There can be no real doubt, of course, that Paul Whitelaw is a troll with his ticket stamped by a newspaper, the way Picasso used to sign blank canvasses for people to do a validated shit or sneeze on. Even if we try to analyse his discharge as if it’s writing we find he is using stolen jokes to criticise comedy (“Every comedian requires a persona of some description … Eleanor Morton has chosen the persona of an ordinary person with nothing funny or interesting to say”, he says, using a joke stolen from ID Mobile who stole it from Family Guy). Despite the paucity of words, Whitelaw manages to cough up every cliché in the reviewer’s arsenal. The word “Pedestrian”, putting “-a-tron” after everything he finds ‘pedestrian’; adding “for reasons best known to herself” to things females do which he can’t (for reasons best known to himself) be bothered exploring and even – EVEN – banging ‘definitely one to watch’ on the end of Fern Brady (three stars). Oooooh, Fern Brady! Looks like you’ve got an admirer! By the way, If this all sounds childish it is merely in the course of reviewing a reviewer so squarely in the nyeah nyeah ne nyeah-nyeah school of post-millennial professionalism.
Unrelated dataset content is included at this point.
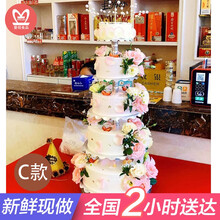 三层鲜花蛋糕新款 三层鲜花蛋糕21年新款 京东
So, to conclude, we must accept that Paul Whitelaw is a thing. Except of course we don’t. Whitelaw does not have his finger on the nuclear trigger and he isn’t an artist, except possibly in the medium of piss. If he’s anything then he’s a symptom of a sad, sorry little newspaper that has utterly squandered the goodwill it once enjoyed as the keynote voice of the Fringe, giving up good writing and solid opinions for gimmickry and shlock. Little surprise they can’t now give it away, except with some fruity water and a tote bag. It’s done. It’s finished. It’s gone-a-tron.

Whitelaw is best understood not as a writer but as an attendant detail; a sort of maggot that will provide forensic colour to anyone in the future who cares to study the pathological decline and suicide of a once-great newspaper.